PROBLEM STATEMENT: The answer must be an exact copy of the lines from the one containing "Alex left with" through the final line of the material, both included, and nothing else.

DATASET EXTRACT:
==================================================

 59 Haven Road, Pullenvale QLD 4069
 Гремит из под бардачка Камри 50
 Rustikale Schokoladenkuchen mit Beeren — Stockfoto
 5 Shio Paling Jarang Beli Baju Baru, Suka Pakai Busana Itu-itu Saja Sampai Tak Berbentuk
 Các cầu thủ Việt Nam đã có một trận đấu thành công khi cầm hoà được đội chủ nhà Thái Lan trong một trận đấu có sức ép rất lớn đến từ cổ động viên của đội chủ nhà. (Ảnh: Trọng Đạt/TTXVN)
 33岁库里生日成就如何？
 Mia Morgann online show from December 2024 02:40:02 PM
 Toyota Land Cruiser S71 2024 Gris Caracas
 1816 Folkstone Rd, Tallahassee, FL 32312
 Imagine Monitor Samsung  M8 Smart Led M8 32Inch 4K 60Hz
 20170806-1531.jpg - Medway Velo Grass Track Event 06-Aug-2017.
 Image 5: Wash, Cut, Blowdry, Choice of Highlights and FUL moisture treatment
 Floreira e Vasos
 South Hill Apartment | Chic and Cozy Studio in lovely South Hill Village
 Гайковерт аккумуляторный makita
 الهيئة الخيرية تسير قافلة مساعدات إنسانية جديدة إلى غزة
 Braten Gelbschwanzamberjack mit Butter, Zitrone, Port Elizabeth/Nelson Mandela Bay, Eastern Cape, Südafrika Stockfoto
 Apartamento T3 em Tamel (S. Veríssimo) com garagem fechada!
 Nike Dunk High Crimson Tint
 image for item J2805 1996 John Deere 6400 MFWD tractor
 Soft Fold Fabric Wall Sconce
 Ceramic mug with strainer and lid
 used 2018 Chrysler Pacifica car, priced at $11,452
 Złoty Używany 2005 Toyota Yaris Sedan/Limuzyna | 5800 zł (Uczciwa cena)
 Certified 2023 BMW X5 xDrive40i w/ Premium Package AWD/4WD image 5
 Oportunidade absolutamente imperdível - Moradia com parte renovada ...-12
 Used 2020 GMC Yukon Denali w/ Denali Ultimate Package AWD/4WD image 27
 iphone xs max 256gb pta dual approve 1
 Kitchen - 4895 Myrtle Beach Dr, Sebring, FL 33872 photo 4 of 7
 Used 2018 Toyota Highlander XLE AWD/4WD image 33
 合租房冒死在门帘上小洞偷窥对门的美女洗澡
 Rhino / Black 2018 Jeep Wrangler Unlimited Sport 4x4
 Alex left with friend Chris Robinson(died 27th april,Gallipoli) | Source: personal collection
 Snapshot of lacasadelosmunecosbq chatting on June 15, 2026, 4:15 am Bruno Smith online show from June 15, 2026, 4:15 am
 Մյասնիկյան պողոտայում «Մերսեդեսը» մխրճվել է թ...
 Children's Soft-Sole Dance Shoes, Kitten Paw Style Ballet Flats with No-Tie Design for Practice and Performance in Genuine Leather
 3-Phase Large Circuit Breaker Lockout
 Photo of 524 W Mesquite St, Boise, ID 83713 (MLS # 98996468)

==================================================

WRITTEN SOLUTION:
 Alex left with friend Chris Robinson(died 27th april,Gallipoli) | Source: personal collection
 Snapshot of lacasadelosmunecosbq chatting on June 15, 2026, 4:15 am Bruno Smith online show from June 15, 2026, 4:15 am
 Մյասնիկյան պողոտայում «Մերսեդեսը» մխրճվել է թ...
 Children's Soft-Sole Dance Shoes, Kitten Paw Style Ballet Flats with No-Tie Design for Practice and Performance in Genuine Leather
 3-Phase Large Circuit Breaker Lockout
 Photo of 524 W Mesquite St, Boise, ID 83713 (MLS # 98996468)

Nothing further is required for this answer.